Cu/ZnO-based catalyst was evaluated for its stability and activity in methanol synthesis via CO₂ hydrogenation. Catalytic activity was stable in a duration of reaction of up to seven days. However, the catalytic activity in terms of CO₂ conversion and methanol yield decreased by about 5.7% and 7.7%, respectively, upon 14 days of reaction. A slight reduction in catalytic activity during prolonged reaction duration has been suggested due to thermal degradation instead of carbon formation. There was no loss of pore volumes over prolonged exposure to the catalyst, and pore-clogging did not contribute to the catalyst deactivation. Surface composition analysis showed changes in metal species after prolonged reaction duration, which was agreed by XRD analysis. N₂O chemisorption and TEM analysis revealed that the redispersion mechanism phenomenon had occurred.

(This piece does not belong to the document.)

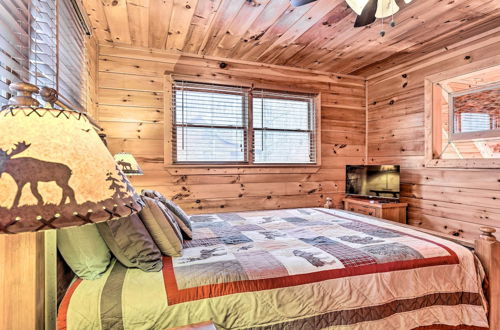 Foto 7 - Pet-friendly Blue Ridge Vacation Rental Cabin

Since catalyst stability and deactivation are crucial in the performance of methanol synthesis reactions, future work should focus on catalyst performance testing using a recycling reactor setup to study the effect of the unconverted feed gases and by-product CO on the catalytic activity. The catalyst aging test with the right standard procedure should also take place to investigate the lifetime of the catalyst which contributed to the downtime of the reactor at an industrial scale.